For example, as the NHTSA investigates Tesla’s Autopilot system, primarily focusing on why cars engaging the feature crashed into stopped emergency vehicles, Musk’s critics get vocal. The clamor around Full Self Driving (FSD) has also reignited Tesla CEO Elon Musk’s detractors. It may be irrelevant that select Tesla drivers have praised FSD, that FSD updates are imminent, and that detailed analyses point to FSD as “impressive.”

Negative press about Tesla and Elon Musk stall the inevitable: legacy automakers are confronting a profitability shift as they see their investments in engines and transmissions dwindle and as they attempt to catch up with Tesla’s production costs, efficiency, and volume.

In the meantime, when critics get vocal and make Tesla CEO Elon Musk a target of their antagonism, they shift the narrative from a sustainable transportation future to personal attacks. In doing so, they enable legacy carmakers, fossil fuel companies, and the associated supply chains to stall the inevitable reconfiguration of internal combustion engine (ICE) business models — all the while delaying our necessary conversion to a zero emissions world that can, hopefully, stabilize the climate crisis.

Is he quirky? Sure, but, then again, aren’t all geniuses? But Musk’s critics get vocal over a lot of issues. Let’s slow down and look at some of their concerns, using the opportunity to deconstruct and to separate the human from the product. In doing so, maybe we’ll see opportunities to stand up for Elon in the same way he’s put his reputation on the line to create a better tomorrow for us all.

His accomplishments are impressive.

Musk turned 50 in June. Think what his resume looks like at the half century mark!

  • Musk is brilliant — a person who dually studied business and physics and who has been called “measurably, scientifically, clinically, and demonstrably the smartest person in any room anywhere” by novelist Douglas Coupland.
  • He has created 3 multi-billion-dollar companies in 4 profoundly difficult fields — and traditional gatekeepers didn’t help him along the way.
  • Today, he leads the major transportation companies of Tesla and SpaceX.
  • He begged legacy carmakers to join him and collaborate with Tesla for a common EV charging network, and they laughed in his face.
  • Now, with Musk’s vision and leadership, the global auto industry seems to want to accelerate the electric car rollout by 7 to 10 years.

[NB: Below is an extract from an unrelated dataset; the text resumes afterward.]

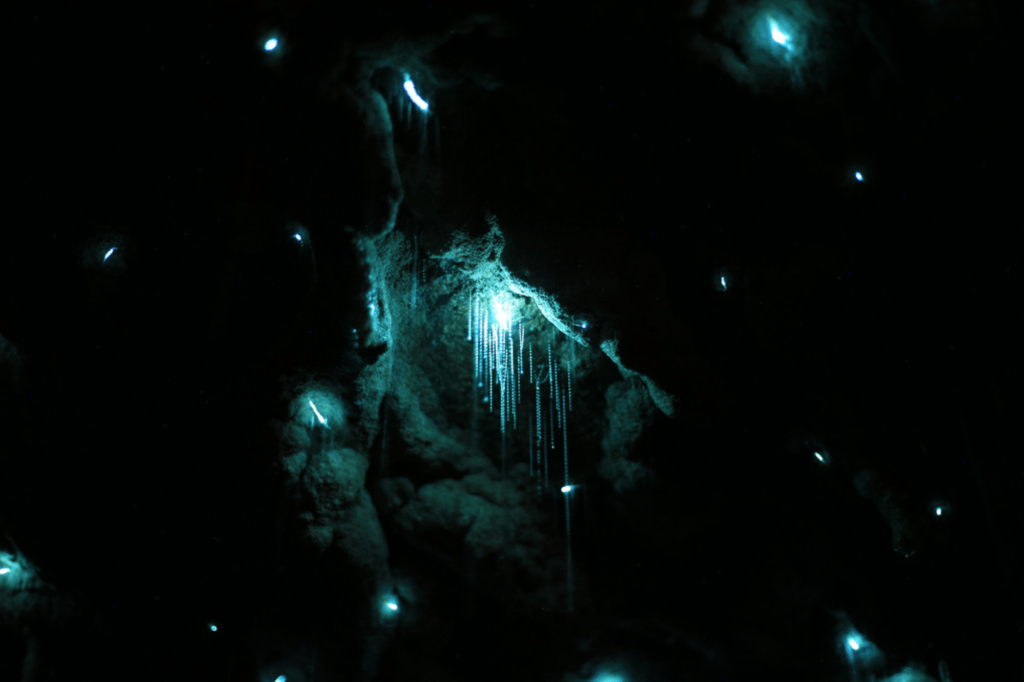 Epic Experience Black Water Rafting in the Waitomo Glowworm Caves 1 Close up of the glowworms in the Waitomo Caves with the threads hanging down that you can see on a black water rafting tour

His Master Plan, Part Deux vision for a sustainable planet and future is becoming reality.

  • Tesla, with Musk at the helm, builds not only all-electric vehicles but also scalable clean energy generation and storage products in a flywheel effect — all part of a business model that prods the world to stop relying on fossil fuels and to move towards a zero-emission future.
  • The outline of energy generation and an accompanying energy storage business is happening right now across global various locations.
  • By adding the Model 3 and Model Y to the Tesla catalog, Musk and company have opened up the most renowned all-electric transportation to middle and upper middle class individuals.
  • Tesla continues to refine production specs for both an electric heavy-duty truck and pickup — the Semi and the Cybertruck.
  • Tesla’s foray into autonomous driving will make driving “10 times safer” than it already is, according to Musk, even though his critics get vocal every time the notion is mentioned.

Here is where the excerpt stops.